> Given data:

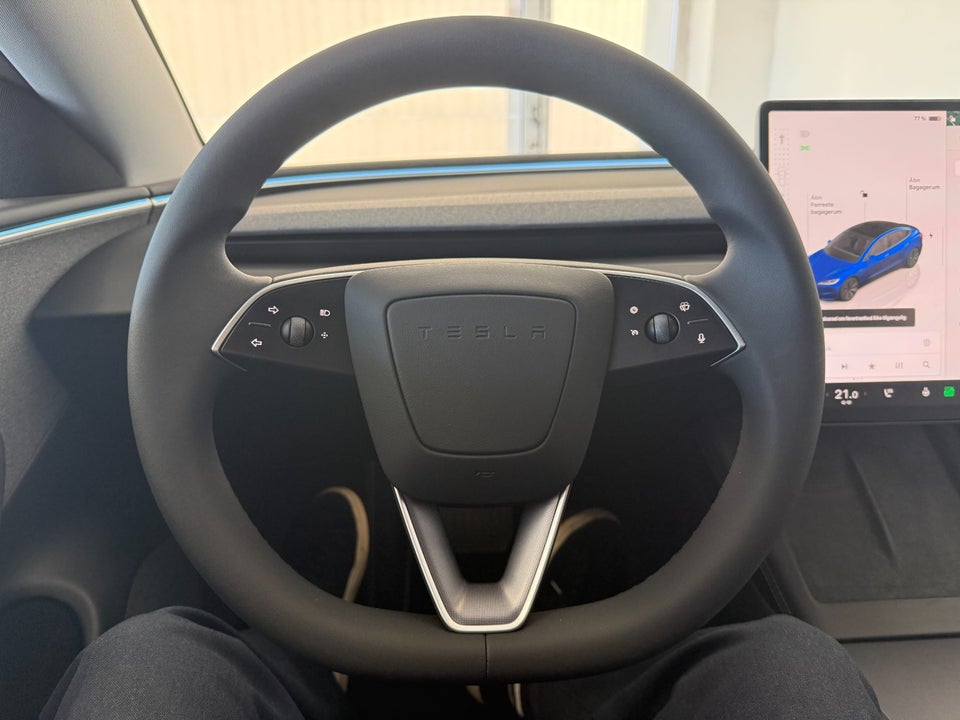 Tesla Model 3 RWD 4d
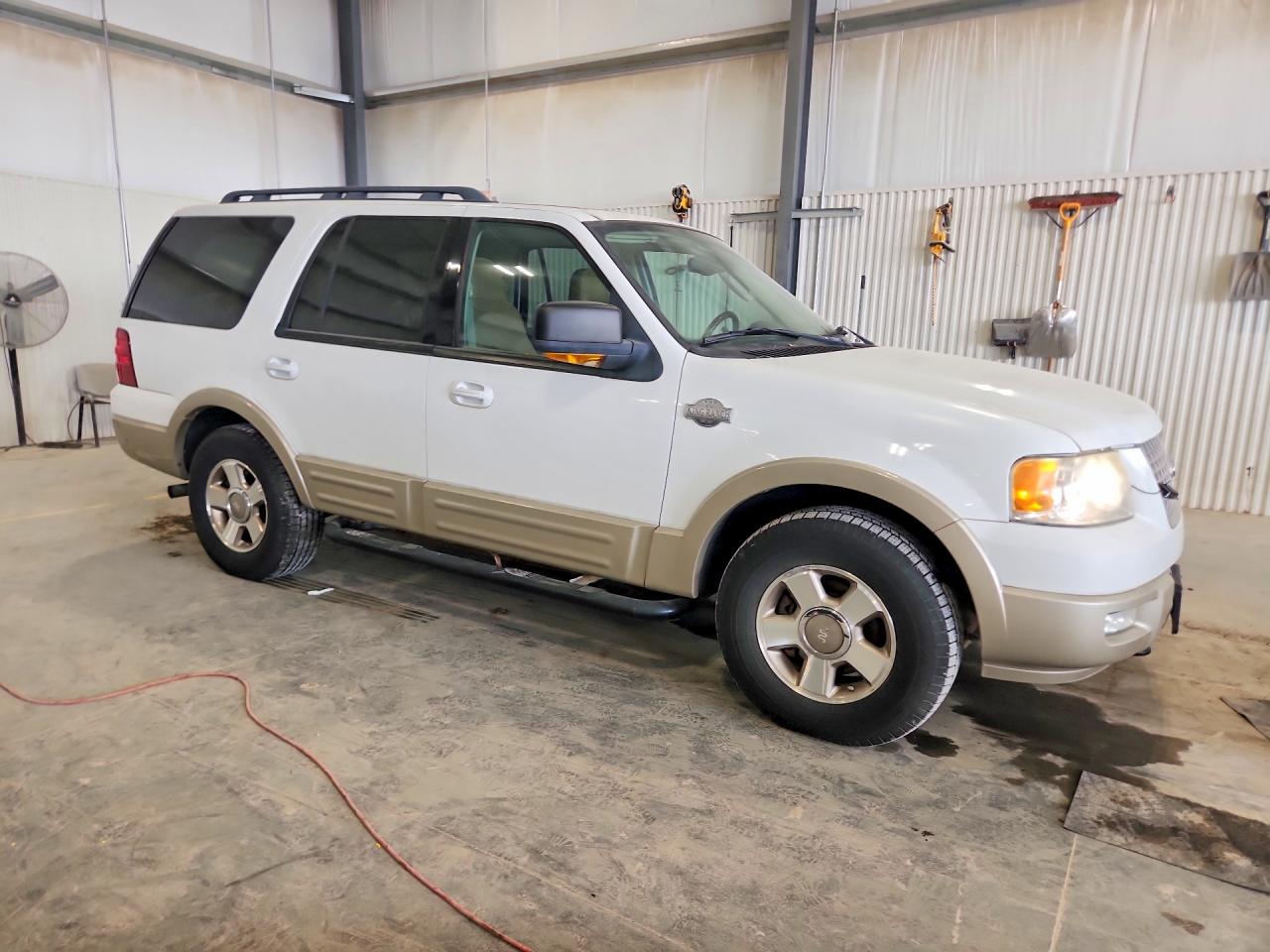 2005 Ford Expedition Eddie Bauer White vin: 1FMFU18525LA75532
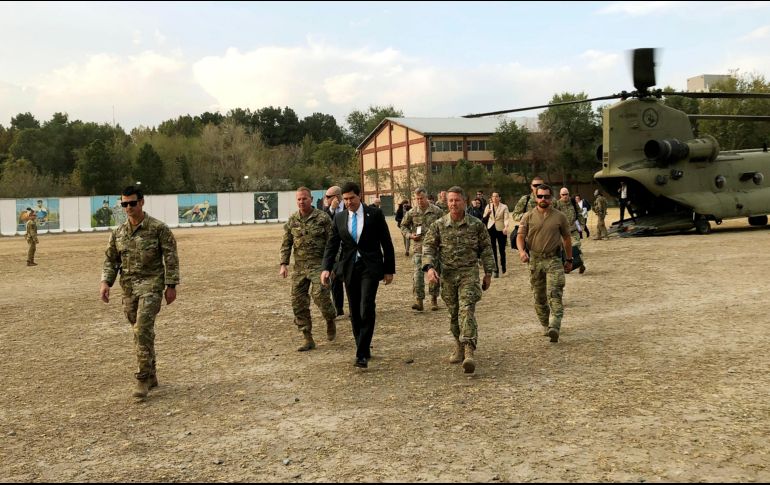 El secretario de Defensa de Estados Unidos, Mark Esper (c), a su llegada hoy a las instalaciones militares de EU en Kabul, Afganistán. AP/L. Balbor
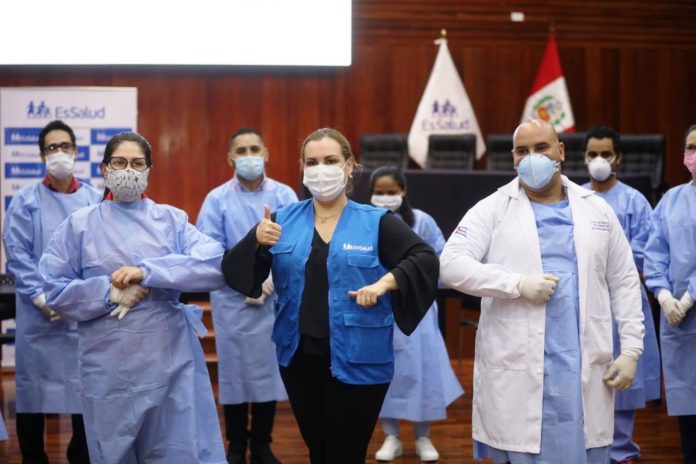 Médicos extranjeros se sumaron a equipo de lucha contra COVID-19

> What is needed:
Beginning with the line that has "El secretario de", repeat each remaining line of the data above word for word, keeping pictures out.

> Response below:
 El secretario de Defensa de Estados Unidos, Mark Esper (c), a su llegada hoy a las instalaciones militares de EU en Kabul, Afganistán. AP/L. Balbor
 Médicos extranjeros se sumaron a equipo de lucha contra COVID-19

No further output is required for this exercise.